Sign Here Now helps you tell Congress to force American corporations to bring back the more than $2 trillion they've socked in offshore tax havens and pay their fair share on it. That last part's important -- even some Republican Presidential candidates favor bringing that money back home, but they also favor those corporations paying far less than the 35% corporate tax rate on it. So those corporations can "create jobs," they'll say, even though the last corporate tax amnesty from 2004 didn't result in a whole lot of job creation -- in fact, some of the corporations that brought home the most money back then cut jobs and paid out the profits they returned to shareholders. That's not a way to create jobs -- giving corporations no choice but to create jobs is how you create jobs, since corporations all seem to regard jobs as an "expense," rather than an engine of economic development. Plus letting corporations bring home profits at a lower rate only makes them sock more money overseas. Your mama taught you that enabling bad behavior creates more of it; why don't our Congressfolk know that?

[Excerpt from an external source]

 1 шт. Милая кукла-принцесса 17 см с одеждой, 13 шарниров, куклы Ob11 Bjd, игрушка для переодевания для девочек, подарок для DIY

Meanwhile, USPIRG helps you tell Congress to ban antibiotic abuse in feed animals. Factory farms, as you know, give nearly four out of every five antibiotics produced in America to healthy feed animals, partly to make them "meatier" and partly so they can better endure the horrendous conditions they'll face in factory farms (standing in absurdly small areas, usually in their own poop, et cetera). But we know that creates superbugs, and USPIRG projects that some 80,000 Americans will get the infamous superbug MRSA this year, and since MRSA can't be killed with the antibiotics we have, it's too often deadly, killing around 11,000 good Americans every year. It's not the only thing causing antibiotic-resistant superbugs, but when we're using four out of five antibiotics on animals that aren't actually sick, we know it's contributing a lot. And no, the end of routine antibiotic use on factory farms won't mean TEH END OF CHEAP FOOD!!! But if it did, wouldn't it be worth it, you know, not to have to go back to the 19th century where the next cut you get could kill you?
Finally, if you've missed previous opportunities to tell the FCC to stop Charter's attempt to buy Time-Warner Cable, then Common Cause still helps you do that. We applied enough pressure to help stop Comcast's attempt to buy Time-Warner, but this merger will be little different: it would create another cable/broadband behemoth like Comcast, and the resulting behemoth would control both the New York and Los Angeles cable and broadband markets, and are good New Yorkers and Los Angelenos less deserving of cable and broadband choice than the rest of us? Not that we have very much of it, either -- most markets are dominated by one provider or another, meaning consumers become captive to whatever lousy service that provider wants to charge ever-higher prices for. And don't let right-wingers tell you that you have information choices on the internet, for these are the same people trying to kill the net neutrality that allows you the choice you have, and having a choice of one corporation providing that internet service is little better than voting in a Communist election.